Deep Snow along the Crawford Path (hat off to shed heat). Photo by Paul Ness

Then, there was our adaptability to cold to figure – in short the longer your exposure to cold, the more you acclimate to it. Even my three days of climbing pointed this out. By day three, I was down a layer, even as the temperature stayed stubbornly near zero. And, as further example, I recalled a few years ago being out on Zealand Mountain on a zero-degree day, when the caretaker for the nearby hut passed us wearing only shorts and a halter top as she cruised up the trail. Yes, she did admit to “layering up” once she reached the open ledges near 4000 feet, but her winter of living in an unheated hut had given her impressive resistance to cold.

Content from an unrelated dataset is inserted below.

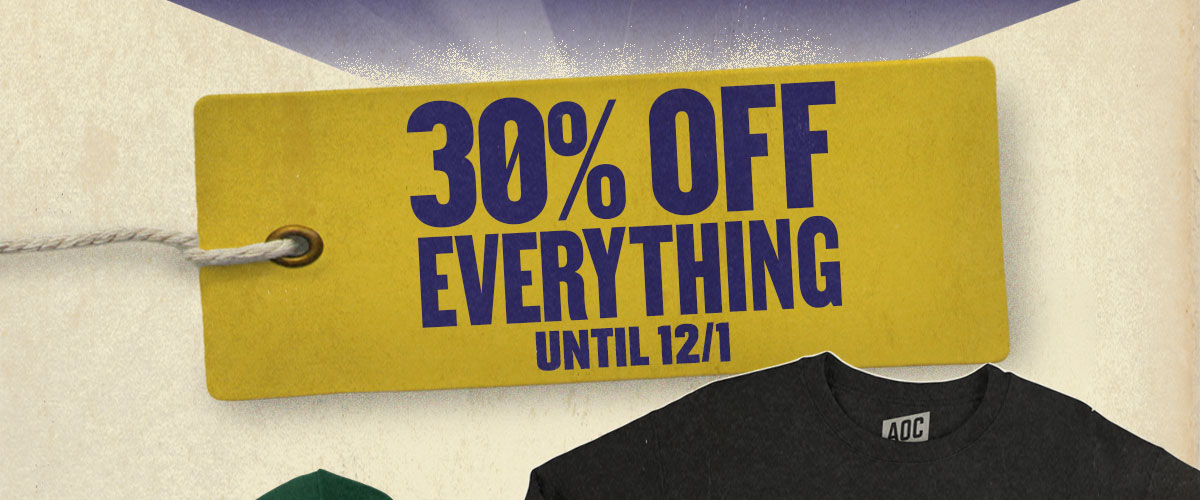 30% off everything until 12/1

Finally, there was the feeding of my “firebox,” a practice nearly identical to that of keeping a wood stove going throughout the day. (Thoreau notes this analogy as well.) I learned stoves during a winter in a wood-heated cabin when I was in my early 20s. By March, I could mix woods of varying density and dryness to get the consistent heat of a slow burn day and night. And, having become inured to the cold, I kept the cabin at around 50 degrees. So too with the burn of the body’s fuel during winter walking – mixed feedings, often while still walking, keep you warmer. And here is happiness: enduring cold asks for calories of fat. You like cream cheese or butter? Bring (or layer) it on. It’s not unusual for someone out in deep cold to burn 5000 calories in a day. Falling short of that intake can bring on insistent chill.

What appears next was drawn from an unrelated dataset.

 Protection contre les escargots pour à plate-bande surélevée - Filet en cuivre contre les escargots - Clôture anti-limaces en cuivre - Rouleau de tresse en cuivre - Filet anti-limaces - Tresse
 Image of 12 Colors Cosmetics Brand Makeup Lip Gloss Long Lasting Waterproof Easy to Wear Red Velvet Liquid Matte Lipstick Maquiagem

Zero and Windy - a look at Mt. Washington. photo by Paul Ness

Zero and Windy – a look at Mt. Eisenhower.
photo by Paul Ness

I know too Henry Thoreau set out on snowshoes when winter was deep – I saw his snowshoes at last year’s exhibit of Thoreauvia at the Concord Museum – and surely he left a record of sensitivity to temperature – both his and that of the Walden world. Thoreau understood that we are truly thermal beings; sometimes it takes winter drive home our dependence.

Postscript: for 24 hours after returning from days outdoors in the cold mountains, I got thermal reminder: indoors, even with central heating set low, I burned with heat. Then, the fat worked through my firebox, and I returned to the temperate feedings and feelings of the lowlands.